Hello all,
I have a question concerning the calcNormFacotrs() in edgeR. There are three methods that I could choose from: "TMM", "RLE", and "upperquartile". I am wondering how could decide which one to use?
For example, consider a simple example like this: there are 10 genes in total, and 4 genes in two groups. Therefore, the counts data would be a 10*8 matrix, where each row is the gene, each column is the individual, and the 1-4 columns are the first group, 5-8 columns are the second group. Among the 10 genes, 60% genes are the differential genes: the counts of No. 3,4,5,6,8,9 in the first group are doubled, while others are the sample. Please see the attachments for this count data.
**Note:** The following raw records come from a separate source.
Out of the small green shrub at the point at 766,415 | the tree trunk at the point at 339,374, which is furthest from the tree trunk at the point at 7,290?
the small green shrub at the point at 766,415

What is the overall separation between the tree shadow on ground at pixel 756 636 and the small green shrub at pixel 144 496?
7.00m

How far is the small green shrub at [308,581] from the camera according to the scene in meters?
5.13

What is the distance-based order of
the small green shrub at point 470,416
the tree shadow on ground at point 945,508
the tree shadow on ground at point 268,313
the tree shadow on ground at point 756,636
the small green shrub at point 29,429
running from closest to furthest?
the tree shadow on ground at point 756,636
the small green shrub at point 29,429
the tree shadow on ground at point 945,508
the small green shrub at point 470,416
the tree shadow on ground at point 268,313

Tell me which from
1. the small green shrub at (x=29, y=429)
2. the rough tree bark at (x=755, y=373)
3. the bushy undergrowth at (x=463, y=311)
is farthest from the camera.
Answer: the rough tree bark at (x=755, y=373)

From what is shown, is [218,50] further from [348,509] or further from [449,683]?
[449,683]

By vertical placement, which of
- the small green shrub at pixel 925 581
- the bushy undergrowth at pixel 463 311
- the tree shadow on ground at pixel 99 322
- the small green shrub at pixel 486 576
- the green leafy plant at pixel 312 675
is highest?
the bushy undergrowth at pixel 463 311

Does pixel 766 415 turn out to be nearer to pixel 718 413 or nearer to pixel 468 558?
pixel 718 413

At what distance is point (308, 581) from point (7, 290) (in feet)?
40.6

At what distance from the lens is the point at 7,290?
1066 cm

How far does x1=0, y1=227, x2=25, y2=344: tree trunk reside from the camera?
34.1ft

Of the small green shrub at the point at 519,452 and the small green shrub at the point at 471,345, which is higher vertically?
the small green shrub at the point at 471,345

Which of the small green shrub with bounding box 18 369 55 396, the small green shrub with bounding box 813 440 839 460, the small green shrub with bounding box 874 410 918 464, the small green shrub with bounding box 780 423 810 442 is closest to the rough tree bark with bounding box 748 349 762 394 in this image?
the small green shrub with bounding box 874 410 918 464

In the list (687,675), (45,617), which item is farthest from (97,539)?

Then I generated the "group" factor via this command:
> grp <- as.factor(rep(0:1, each = 8/2))
After that, I generated the DGEList by:
> d <- DGEList(counts = counts, group = grp )
Then I calculated the normalization factor by edgeR:
> n <- calcNormFactors(d)
By default, this function uses the "TMM" method. However, the normalization factors look like this:
group lib.size norm.factors
Sample1 0 5062446 1.1195829383593
Sample2 0 5062340 0.8154739771400
Sample3 0 5062444 1.1195827474525
Sample4 0 5062466 1.1403164060313
Sample5 1 3000123 0.9624162935534
Sample6 1 2999992 0.9624163157255
Sample7 1 2999977 0.9624169648716
Sample8 1 3000156 0.9624160077253
I think it is weird, because normalization factors for individuals 1 and 2 are quite different (1.11958, and 0.81547). However, from the counts data, their counts are generally the same (Please see the attachment for counts data).
Then I tried the method of RLE method:
n <- calcNormFactors(d,method="RLE")
The results are:
$samples
group lib.size norm.factors
Sample1 0 5062446 1.0886765699045
Sample2 0 5062340 1.0886508565338
Sample3 0 5062444 1.0886766741626
Sample4 0 5062466 1.0886750099086
Sample5 1 3000123 0.9185446848068
Sample6 1 2999992 0.9185578680804
Sample7 1 2999977 0.9185624609049
Sample8 1 3000156 0.9185437155777
I think this time the results are more reasonable. My question is how I decide which method to use? Why TMM gives a weird result?
Thank you.
Best regards,
sewen67
Following up on Gordon's answer, the TMM method will support cases where up to 60% of genes are DE. However, this upper limit is only supported when the DE genes are evenly distributed between groups, i.e., 30% of genes are upregulated, and 30% are downregulated. In your case, the 60% of DE genes are all upregulated in one group, so it's not surprising that TMM fails.